Instructions for the task:
Take from the entries below the stretch from the line with "The next thing" through the line with "So hopefully this", and return it exactly, leaving the pictures out.

Supplied records:
--- START ---
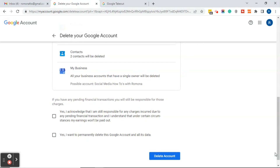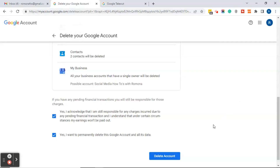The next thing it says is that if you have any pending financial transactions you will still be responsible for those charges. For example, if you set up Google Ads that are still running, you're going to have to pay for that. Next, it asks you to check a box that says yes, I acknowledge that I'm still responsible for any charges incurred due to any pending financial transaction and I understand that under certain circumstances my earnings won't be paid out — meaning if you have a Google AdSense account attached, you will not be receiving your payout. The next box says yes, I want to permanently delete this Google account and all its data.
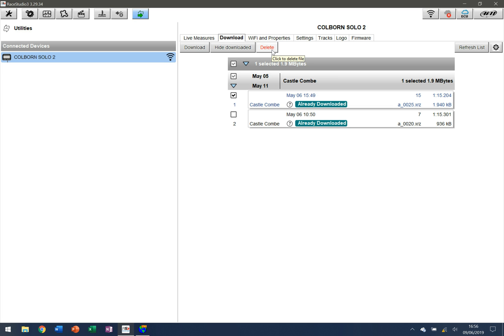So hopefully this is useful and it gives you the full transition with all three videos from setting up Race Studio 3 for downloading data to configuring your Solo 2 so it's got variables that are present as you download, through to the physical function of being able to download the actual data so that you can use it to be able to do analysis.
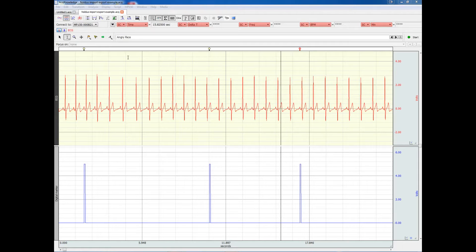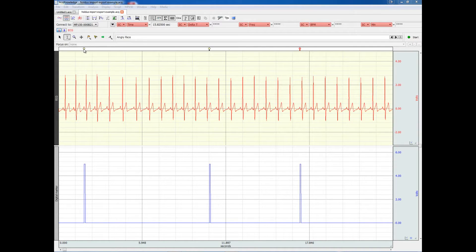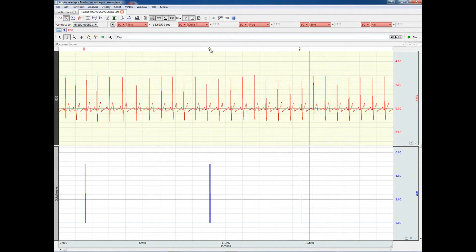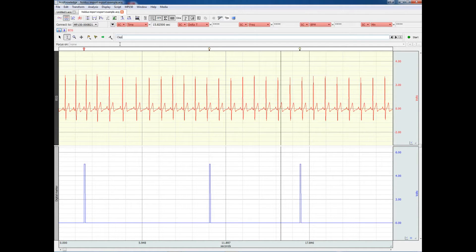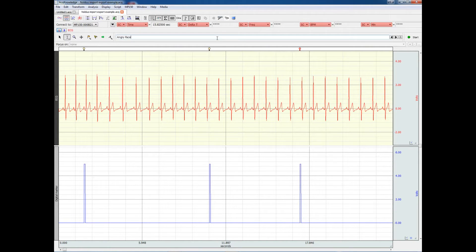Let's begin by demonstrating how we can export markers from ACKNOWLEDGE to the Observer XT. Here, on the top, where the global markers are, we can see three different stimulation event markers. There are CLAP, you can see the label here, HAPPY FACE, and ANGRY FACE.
--- END ---
--- START ---
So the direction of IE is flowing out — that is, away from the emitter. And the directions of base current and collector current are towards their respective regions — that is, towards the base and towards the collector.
--- END ---
Written response:
The next thing it says is that if you have any pending financial transactions you will still be responsible for those charges. For example, if you set up Google Ads that are still running, you're going to have to pay for that. Next, it asks you to check a box that says yes, I acknowledge that I'm still responsible for any charges incurred due to any pending financial transaction and I understand that under certain circumstances my earnings won't be paid out — meaning if you have a Google AdSense account attached, you will not be receiving your payout. The next box says yes, I want to permanently delete this Google account and all its data.
So hopefully this is useful and it gives you the full transition with all three videos from setting up Race Studio 3 for downloading data to configuring your Solo 2 so it's got variables that are present as you download, through to the physical function of being able to download the actual data so that you can use it to be able to do analysis.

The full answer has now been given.